Saat ini, kebutuhan aluminium nasional mencapai 1,2 juta ton per tahun. Sayangnya, 56 persen dari kebutuhan tersebut masih dipenuhi melalui impor.

Dampak Ekonomi Daerah

Erick juga menjelaskan, selain menekan impor, dampak ekonomi bagi daerah dan nasional sangat signifikan. Hal ini sejalan dengan program hilirisasi mineral yang sedang berjalan di Indonesia.

"Ini juga berdampak besar bagi daerah dan nasional, tiga kali lipat dari segi ekonomi," ungkapnya.

Erick menegaskan bahwa hilirisasi bukan lagi pilihan bagi BUMN, melainkan sebuah kewajiban untuk mendorong pertumbuhan ekonomi. Ia juga yakin bahwa pemerintahan baru di bawah kepemimpinan Prabowo Subianto akan tetap fokus pada hilirisasi.

"Kami di BUMN memahami bahwa hilirisasi mineral Indonesia bukanlah pilihan, tetapi merupakan kewajiban untuk mendorong pertumbuhan ekonomi bangsa agar rakyat sejahtera. Ini adalah keinginan pemerintah saat ini, dan saya yakin pemerintah yang akan datang juga memiliki komitmen yang sama," pungkas Erick.

4 dari 4 halaman

Indonesia Bisa Setop Impor 672 Ribu Ton Aluminium per Tahun, Jokowi Ungkap Caranya

Sebelumnya, Presiden Joko Widodo (Jokowi) mengungkap Indonesia bisa lepas dari impor aluminium. Tercatat, sekitar 56 persen dari 1,2 juta ton kebutuhan aluminium nasional dipasok dari luar negeri.

Dia mengatakan, Indonesia memiliki bahan baku untuk membuat aluminium, namun, sebagian besar aluminium justru impor.

"Kita tahu kebutuhan aluminium di dalam negeri sendiri 1,2 juta ton. 56 persennya kita impor. Kita punya bahan bakunya kita punya raw material-nya tapi 56 persen aluminium kita impor," kata Jokowi saat meresmikan Smelter Grade Alumina Refinery (SGAR) di Mempawah, Kalimantan Barat, Selasa (24/9/2024).

Menurut dia, injeksi perdana bauksit ke SGAR milik PT Borneo Alumina Indonesia ini bisa menjadi titik produksi baru aluminium untuk kebutuhan nasional.

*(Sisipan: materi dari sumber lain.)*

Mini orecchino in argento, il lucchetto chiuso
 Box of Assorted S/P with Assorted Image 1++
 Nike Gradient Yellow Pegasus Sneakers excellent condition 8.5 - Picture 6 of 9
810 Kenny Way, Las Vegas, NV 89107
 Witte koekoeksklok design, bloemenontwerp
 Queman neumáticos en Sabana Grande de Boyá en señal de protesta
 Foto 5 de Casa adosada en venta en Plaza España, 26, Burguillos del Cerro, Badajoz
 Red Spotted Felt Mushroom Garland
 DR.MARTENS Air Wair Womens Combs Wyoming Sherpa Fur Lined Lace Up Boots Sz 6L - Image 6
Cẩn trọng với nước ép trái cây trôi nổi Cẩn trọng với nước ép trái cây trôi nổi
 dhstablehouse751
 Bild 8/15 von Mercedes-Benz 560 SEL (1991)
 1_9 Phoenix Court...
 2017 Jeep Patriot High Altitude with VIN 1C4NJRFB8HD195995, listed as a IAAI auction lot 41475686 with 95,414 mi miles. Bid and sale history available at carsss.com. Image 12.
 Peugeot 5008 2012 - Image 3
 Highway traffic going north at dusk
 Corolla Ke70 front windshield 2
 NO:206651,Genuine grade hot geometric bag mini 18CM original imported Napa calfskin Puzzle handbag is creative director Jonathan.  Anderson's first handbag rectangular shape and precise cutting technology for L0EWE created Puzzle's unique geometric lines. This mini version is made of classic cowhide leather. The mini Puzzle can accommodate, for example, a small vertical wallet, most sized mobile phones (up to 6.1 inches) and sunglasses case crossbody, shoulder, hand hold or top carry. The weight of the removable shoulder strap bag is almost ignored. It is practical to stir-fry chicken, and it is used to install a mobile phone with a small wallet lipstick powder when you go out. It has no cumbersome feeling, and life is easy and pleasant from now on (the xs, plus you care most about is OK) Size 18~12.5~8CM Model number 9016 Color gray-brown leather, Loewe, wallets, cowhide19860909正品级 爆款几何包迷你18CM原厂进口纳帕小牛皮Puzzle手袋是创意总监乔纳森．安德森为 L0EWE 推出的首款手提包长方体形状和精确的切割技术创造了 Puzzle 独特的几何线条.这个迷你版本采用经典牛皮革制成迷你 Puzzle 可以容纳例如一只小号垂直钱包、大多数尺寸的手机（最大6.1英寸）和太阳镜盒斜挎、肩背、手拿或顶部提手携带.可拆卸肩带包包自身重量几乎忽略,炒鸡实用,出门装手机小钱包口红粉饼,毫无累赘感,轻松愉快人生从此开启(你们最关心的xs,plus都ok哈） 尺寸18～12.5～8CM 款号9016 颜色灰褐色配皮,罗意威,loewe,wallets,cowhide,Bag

Pada akhirnya, impor aluminium bisa disetop total.

Jika dihitung, 56 persen dari total kebutuhan aluminium nasional tercatat sebesar 672 ribu ton per tahun.

"Oleh sebab itu, setelah ini selesai berproduksi, impor yang 56 persen ini bisa kita setop, enggak impor lagi, kita produksi sendiri di dalam negeri," ujar dia.

Tak berhenti di situ, Indonesia juga dinilai tidak akqn kehilangan devisa negara. Dia mencatat, Indonesia kehilangan devisa hingga Rp 50 triliun dari impor aluminium.

"Kita tidak kehilangan devisa karena dari sini kita harus keluar devisa kira-kira USD 3,5 bilion setiap tahun. angka yang besar sekali. Rp 50 triliun lebih devisa hilang gara-gara kita impor aluminium," ucapnya.